Yes, I don't have a deep understanding about PCIe to be honest. However,
my understanding is that the PCIe devices will always try to suspend and
there is no way from the PCIe host controller to prevent this. Or am I
wrong? Currently suspend is not implemented for the i.MX6Dual/Quad
variant in the pci-imx6 driver and the device will still be turned off
by the PCI subsystem. On the other side I don't think it will fix
anything if I can prevent suspend for the devices because the
communication will still fail after resume.

>
> > 8<--- cut here ---
> > Unhandled fault: imprecise external abort (0x1406) at 0x0106f944
> >
> > Signed-off-by: Stefan Eichenberger <stefan.eichenberger@xxxxxxxxxxx>
> > ---
> > v1 -> v2: Share most code with other i.MX platforms and set suspend
> > support flag for i.MX6QDL. Version 1 can be found here:
> > https://lore.kernel.org/all/20240819090428.17349-1-eichest@xxxxxxxxx/
> >
> > drivers/pci/controller/dwc/pci-imx6.c | 44 +++++++++++++++++++++++++--
> > 1 file changed, 41 insertions(+), 3 deletions(-)
> >
> > diff --git a/drivers/pci/controller/dwc/pci-imx6.c b/drivers/pci/controller/dwc/pci-imx6.c
> > index 808d1f1054173..f33bef0aa1071 100644
> > --- a/drivers/pci/controller/dwc/pci-imx6.c
> > +++ b/drivers/pci/controller/dwc/pci-imx6.c
> > @@ -1238,8 +1238,23 @@ static int imx_pcie_suspend_noirq(struct device *dev)
> >
> > imx_pcie_msi_save_restore(imx_pcie, true);
> > imx_pcie_pm_turnoff(imx_pcie);
> > - imx_pcie_stop_link(imx_pcie->pci);
> > - imx_pcie_host_exit(pp);
> > + /*
> > + * Do not turn off the PCIe controller because of ERR003756, ERR004490, ERR005188,
> > + * they all document issues with LLTSSM and the PCIe controller which
>
> LTSSM
>
> But LTSSM is for the PCIe link state, not sure how it impacts controller state.
> Can you share the link to those erratums?
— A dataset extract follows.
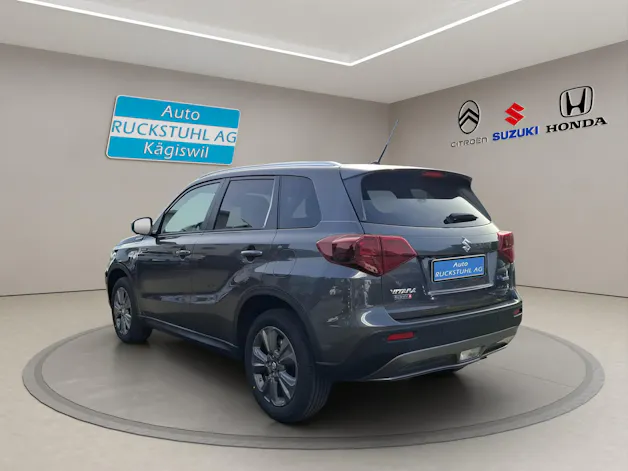 Suzuki Vitara 1.4 T Sakura Hybrid 4x4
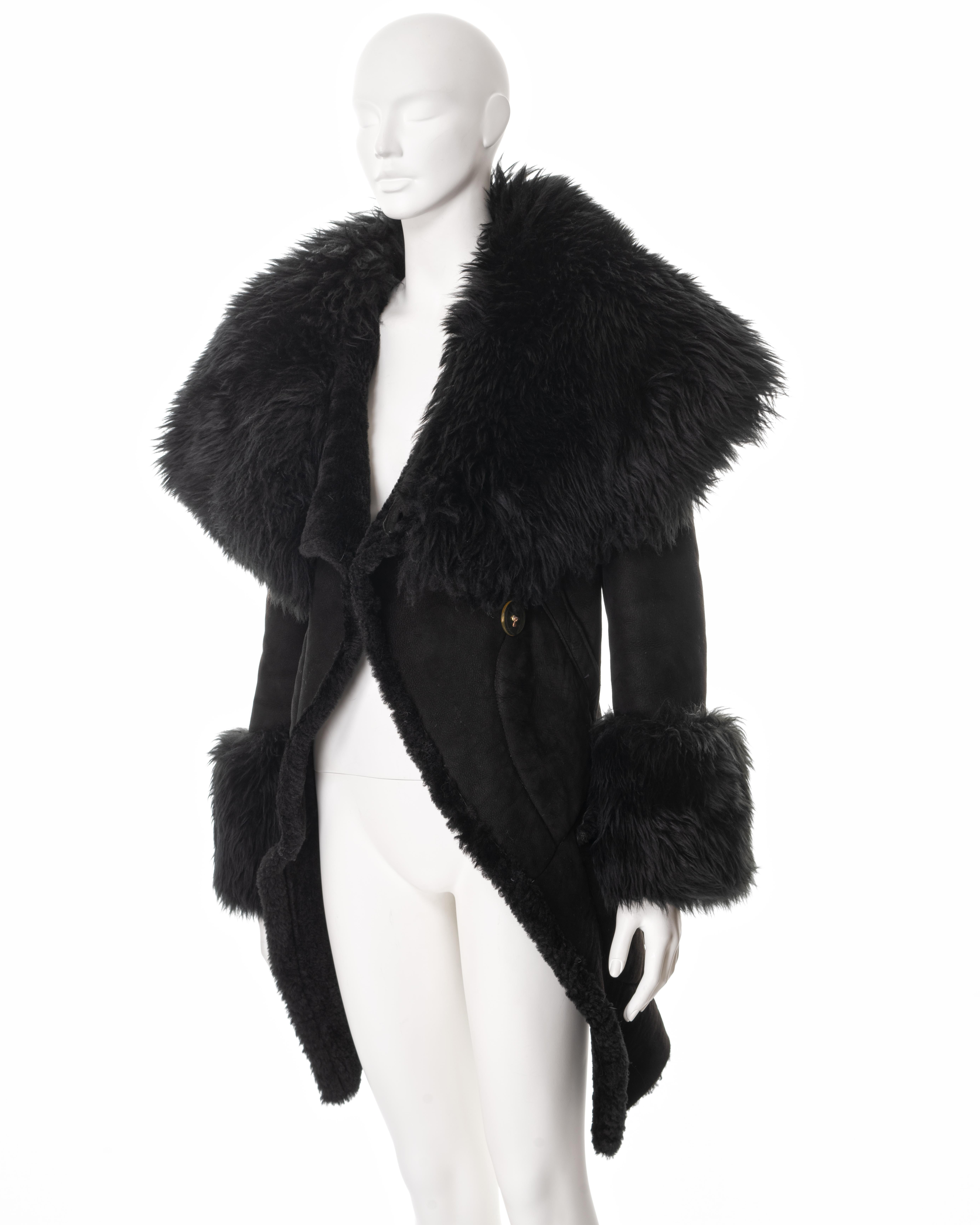 Vivienne Westwood - Manteau en peau de mouton noir, automne-hiver 1992 en vente 6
The erratas are all from this document:
https://www.nxp.com/docs/en/errata/IMX6DQCE.pdf

Only the i.MX 6Dual/6Quad variant is affected but not the newer Plus
variants.

>
> > + * does not come out of reset properly. Therefore, try to keep the controller enabled
> > + * and only reset the link. However, the reference clock still needs to be turned off,
>
> You are resetting the *device* below, not the link.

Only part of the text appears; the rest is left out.